I don't play Starfire any more, haven't in many years. But this was something I took a few steps toward back then, but lacked the knowledge or the resources to build. But 5 days ago, for reasons unknown to me, I decided to take another stab at it.
In the game, you play a race exploring their own solar system. During these explorations, you can discover warp points that lead to other star systems, and those systems probably have more warp points of their own, and so on.
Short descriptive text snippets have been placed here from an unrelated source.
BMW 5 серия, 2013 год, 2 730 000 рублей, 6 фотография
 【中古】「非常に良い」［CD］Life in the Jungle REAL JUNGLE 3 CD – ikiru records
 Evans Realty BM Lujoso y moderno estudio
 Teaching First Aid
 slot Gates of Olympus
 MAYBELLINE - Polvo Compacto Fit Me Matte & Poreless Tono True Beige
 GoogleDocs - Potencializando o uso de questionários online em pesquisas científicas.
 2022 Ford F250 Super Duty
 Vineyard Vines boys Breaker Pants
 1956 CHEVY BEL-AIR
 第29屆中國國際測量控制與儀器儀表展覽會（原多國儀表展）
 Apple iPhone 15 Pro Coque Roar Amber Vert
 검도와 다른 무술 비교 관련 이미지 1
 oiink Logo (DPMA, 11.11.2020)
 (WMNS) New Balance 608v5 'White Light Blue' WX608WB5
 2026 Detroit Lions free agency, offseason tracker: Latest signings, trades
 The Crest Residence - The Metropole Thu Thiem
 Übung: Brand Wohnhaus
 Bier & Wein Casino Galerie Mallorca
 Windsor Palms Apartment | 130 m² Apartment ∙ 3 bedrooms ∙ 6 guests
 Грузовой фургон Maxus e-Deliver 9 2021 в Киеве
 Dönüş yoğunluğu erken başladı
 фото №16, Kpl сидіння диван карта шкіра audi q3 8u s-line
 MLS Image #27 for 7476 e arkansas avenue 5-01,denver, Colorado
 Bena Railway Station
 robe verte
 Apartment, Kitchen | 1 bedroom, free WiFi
There are also a series of books based in the game universe, and in one of them, a mention is made of a 3D plot of known warp points which made choke points easy to spot, and that was what I wanted to make, a system that could do that.
I did this in Excel using a Scatter Chart, and a whole lotta math I found on the Internets, especially the formulas to turn it into a Red-Cyan 3D model.
The different symbols represent different races (without loading in special symbols I was limited to Excel's 4 decent ones). The app does not use the actual Starfire rules for exploration, but as this is mostly intended as just a sample, so randomly adding connections is fine.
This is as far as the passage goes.